2D Janus TeMoZAZ’ (A = Si,Ge; Z,Z’ = N, P, As; Z ≠ Z'): First‐Principles Insight into the Electronics, and Piezoelectric Properties

Abstract

AbstractJanus materials possess a diverse array of properties resulting from the breaking of mirror and inversion symmetries, holding significant potential for nanodevices. This study explores the novel TeMoZAZ' (A = Si,Ge; Z,Z' = N, P, As; Z ≠ Z') monolayers derived from the MoA2Z4 monolayer. Utilizing first‐principles calculations, the stability, electronic, transport, mechanical, and piezoelectric properties of the TeMoZAZ' monolayers are investigated. Among the 12 investigated structures, only five‐ TeMoNSiP, TeMoNSiAs, TeMoPSiAs, TeMoAsSiP and TeMoAsGeP monolayers‐ are found to be stable. The electronic properties analysis reveals metallic behavior in the TeMoNSiAs monolayer, while the remaining structures exhibit indirect or direct band gap semiconductor properties. Futher examination of the semiconducting monolayers indentifies the TeMoAsSiP monolayer with notably high hole carrier mobility along the y‐direction, reaching up to 3622.33 cm2 s−1 V−1. Moreover, investigation into the piezoelectric properties of these four semiconductor structures suggests their suitability for diverse applications in piezoelectric devices.

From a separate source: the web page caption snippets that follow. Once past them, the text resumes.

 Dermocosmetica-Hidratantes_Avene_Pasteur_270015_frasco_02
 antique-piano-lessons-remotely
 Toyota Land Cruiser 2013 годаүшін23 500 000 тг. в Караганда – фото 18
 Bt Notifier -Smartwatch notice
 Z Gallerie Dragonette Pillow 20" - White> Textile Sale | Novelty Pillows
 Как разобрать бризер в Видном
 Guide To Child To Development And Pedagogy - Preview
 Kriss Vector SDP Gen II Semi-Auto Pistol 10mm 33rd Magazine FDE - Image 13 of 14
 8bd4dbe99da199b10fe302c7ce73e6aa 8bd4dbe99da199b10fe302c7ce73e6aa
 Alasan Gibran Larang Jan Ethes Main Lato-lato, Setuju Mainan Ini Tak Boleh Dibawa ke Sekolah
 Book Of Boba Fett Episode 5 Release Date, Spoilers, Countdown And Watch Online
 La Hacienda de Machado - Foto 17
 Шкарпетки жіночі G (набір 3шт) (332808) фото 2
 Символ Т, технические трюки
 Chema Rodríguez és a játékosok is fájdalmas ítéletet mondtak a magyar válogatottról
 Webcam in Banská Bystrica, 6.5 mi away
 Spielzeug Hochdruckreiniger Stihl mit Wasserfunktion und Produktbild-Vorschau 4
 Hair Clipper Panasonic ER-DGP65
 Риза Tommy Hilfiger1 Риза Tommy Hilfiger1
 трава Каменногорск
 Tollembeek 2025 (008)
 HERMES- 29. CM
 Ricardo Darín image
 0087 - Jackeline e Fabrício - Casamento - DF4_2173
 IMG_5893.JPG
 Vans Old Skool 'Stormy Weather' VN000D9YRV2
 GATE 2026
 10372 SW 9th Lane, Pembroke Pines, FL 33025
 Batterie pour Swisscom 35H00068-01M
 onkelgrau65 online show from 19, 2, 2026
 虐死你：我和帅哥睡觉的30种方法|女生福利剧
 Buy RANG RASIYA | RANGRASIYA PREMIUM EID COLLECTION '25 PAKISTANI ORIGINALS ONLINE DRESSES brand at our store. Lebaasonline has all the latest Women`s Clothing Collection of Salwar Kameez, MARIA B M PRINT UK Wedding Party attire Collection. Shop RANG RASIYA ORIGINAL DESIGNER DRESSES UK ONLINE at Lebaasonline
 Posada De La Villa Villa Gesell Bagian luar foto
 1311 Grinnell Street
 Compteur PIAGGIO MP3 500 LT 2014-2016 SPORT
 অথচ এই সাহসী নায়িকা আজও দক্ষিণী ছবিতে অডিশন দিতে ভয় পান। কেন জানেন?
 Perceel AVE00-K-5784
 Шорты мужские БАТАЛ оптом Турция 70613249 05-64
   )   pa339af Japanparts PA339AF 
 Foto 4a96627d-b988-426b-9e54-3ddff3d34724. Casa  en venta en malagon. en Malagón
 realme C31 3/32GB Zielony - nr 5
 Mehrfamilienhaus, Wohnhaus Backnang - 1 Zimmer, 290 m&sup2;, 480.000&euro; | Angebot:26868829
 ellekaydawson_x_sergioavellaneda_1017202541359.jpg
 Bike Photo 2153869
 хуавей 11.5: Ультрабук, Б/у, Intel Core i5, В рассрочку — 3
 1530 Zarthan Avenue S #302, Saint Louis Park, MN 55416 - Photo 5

Additionally, the effects of biaxial strain on the electronic and piezoelectric properties of these four semiconductor structures are explored. These findings propose a novel approach for designing 2D Janus materials, expanding the repertoire of 2D MA2Z4‐based Janus family and offering promising candidates for optoelectronic devices, wearable devices, and electromechanical systems.